Nach mehr als einem Jahr, am 09.09.2019, leitete der Kläger den Grunderwerbsteuerbescheid seinem Steuerberater weiter, der mit Datum vom 12.09.2019 Einspruch einlegte und die Herabsetzung der Grunderwerbsteuer begehrte.
Fraglich war, ob das dem amtlichen Vollmachtsmuster beizufügende Beiblatt, das vom Vollmachtgeber ebenso wie die amtliche Vollmacht zu unterschreiben ist und das den Wirkungskreis der Vollmacht auf die dort angegebenen Steuer-Nr. einschränkt, in die Auslegung der Vollmacht einzubeziehen ist.
Beiblatt ist nicht Bestandteil des Vollmachtsformular
Der BFH bestätigt die Auffassung des Finanzgerichts, dass das sog. „Beiblatt“ nicht Bestandteil des amtlich bestimmten Formulars ist und damit auch nicht als Voraussetzung für die elektronische Übermittlung von Vollmachtsdaten gesehen werden kann.
Im Ergebnis war die ursprüngliche Bekanntgabe des Grunderwerbsteuerbeschands unmittelbar an den Kläger somit unwirksam, da die übermittelte Vollmacht als Generalvollmacht auch zum Empfang von Grunderwerbsteuerbescheiden berechtigte und damit nach § 122 Abs. 1 Satz 4 AO eine Bekanntgabe an die Bevollmächtigte verpflichtend war. Das „Soll“ in der Norm bedeutet in der Regel ein „Muss“. Die Heilung des Bekanntgabemangels trat erst mit Übergabe des Bescheids an den Bevollmächtigten im September 2019 ein. Somit war der Einspruch am 12.09.2019 fristgerecht und damit zulässig und begründet.
Der BFH stimmt der Finanzverwaltung zwar insoweit zu, als die Verwendung der amtlichen Vollmachtsformulare eine unabdingbare Voraussetzung für die elektronische Übermittlung von Vollmachtsdaten ist. Er stellt aber gleichzeitig klar, dass das Beiblatt kein Bestandteil des amtlich bestimmten Formulars ist und damit keine Pflicht des Vollmachtgebers abgeleitet werden kann, die Wirkung der Bevollmächtigung durch Übermittlung des Beiblatts sachlich zu beschränken. Dies stünde sogar im Widerspruch zum Inhalt der amtlichen Formulare, die im Grundsatz auf die Erteilung einer Generalvollmacht gerichtet sind.

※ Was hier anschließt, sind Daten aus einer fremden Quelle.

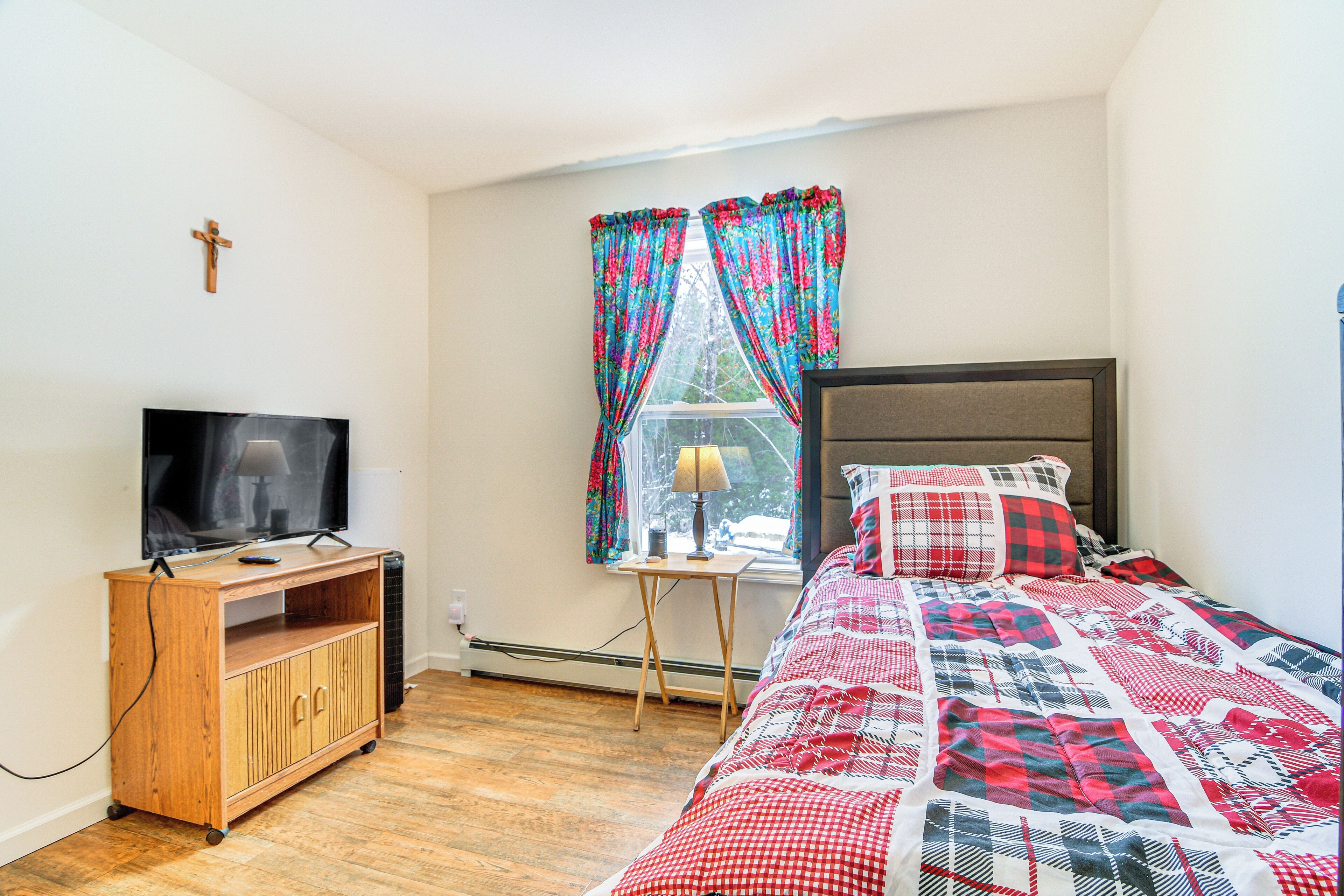 A bedroom with a bed, a TV on a wooden stand, a window with curtains, and a cross on the wall.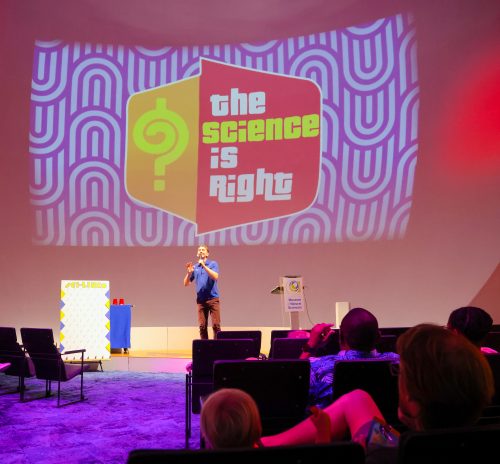 Chris Smith standing on a brightly lit stage with a graphic projected behind him that says The Science is Right in bright colors as a small audience watches.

Zu beachten ist auch, dass bei der Grunderwerbsteuer für jeden steuerpflichtigen Erwerbsvorgang eine neue Steuernummer vergeben wird. Mangels Kenntnis dieser Steuernummer bei zukünftigen Erwerbsvorgängen wäre eine elektronische Übermittlung einer Generealvollmacht für die Grunderwerbsteuer damit im Ergebnis ausgeschlossen. Ein solcher faktischer Ausschluss der Bevollmächtigung für künftige Erwerbsvorgänge stünde aber ebenfalls im Widerspruch zum Inhalt der amtlichen Vollmachtsformulare, die eine umfassende (Bekanntgabe-)Vollmacht gerade auch für die Grunderwerbsteuer erlauben.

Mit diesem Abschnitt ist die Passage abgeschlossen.